What this task involves: Which lines of the entries below run from the one holding "Momen pasca-insiden pebalap" to the one holding "Shower room | Angus Place, Settle", inclusive? Set down exactly those lines and no others.

Source data:
--------------------------------------------------

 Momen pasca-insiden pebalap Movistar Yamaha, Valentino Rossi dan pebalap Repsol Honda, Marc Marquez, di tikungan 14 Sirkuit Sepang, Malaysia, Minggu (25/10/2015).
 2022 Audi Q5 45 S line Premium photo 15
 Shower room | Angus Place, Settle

--------------------------------------------------

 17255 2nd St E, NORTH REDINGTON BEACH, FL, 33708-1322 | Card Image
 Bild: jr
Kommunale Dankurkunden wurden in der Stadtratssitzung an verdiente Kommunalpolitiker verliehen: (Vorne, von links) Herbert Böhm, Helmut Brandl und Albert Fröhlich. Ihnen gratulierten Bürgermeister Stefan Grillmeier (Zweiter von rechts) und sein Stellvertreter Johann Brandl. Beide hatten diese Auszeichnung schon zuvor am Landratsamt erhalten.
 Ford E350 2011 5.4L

--------------------------------------------------

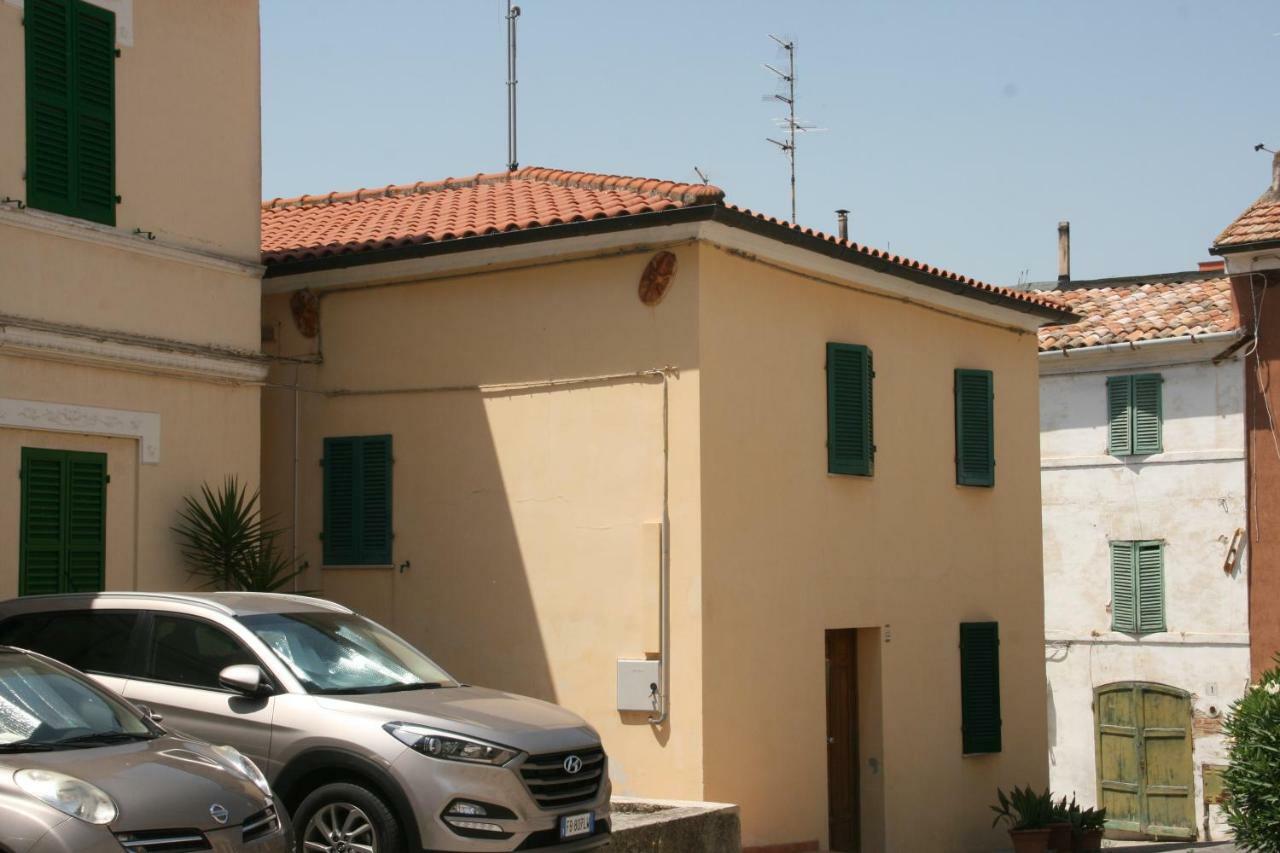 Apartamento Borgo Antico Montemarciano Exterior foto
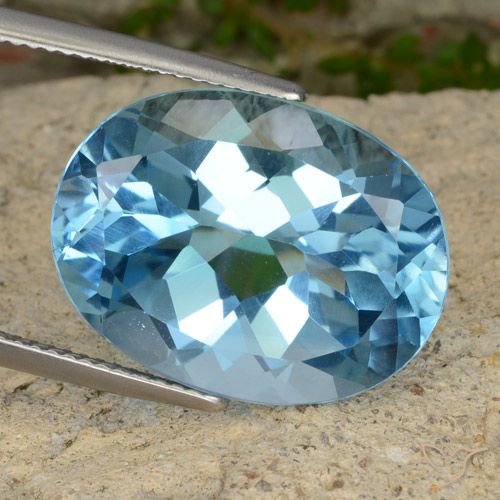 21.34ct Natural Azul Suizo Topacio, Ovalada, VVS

--------------------------------------------------

The completed task:
 Momen pasca-insiden pebalap Movistar Yamaha, Valentino Rossi dan pebalap Repsol Honda, Marc Marquez, di tikungan 14 Sirkuit Sepang, Malaysia, Minggu (25/10/2015).
 2022 Audi Q5 45 S line Premium photo 15
 Shower room | Angus Place, Settle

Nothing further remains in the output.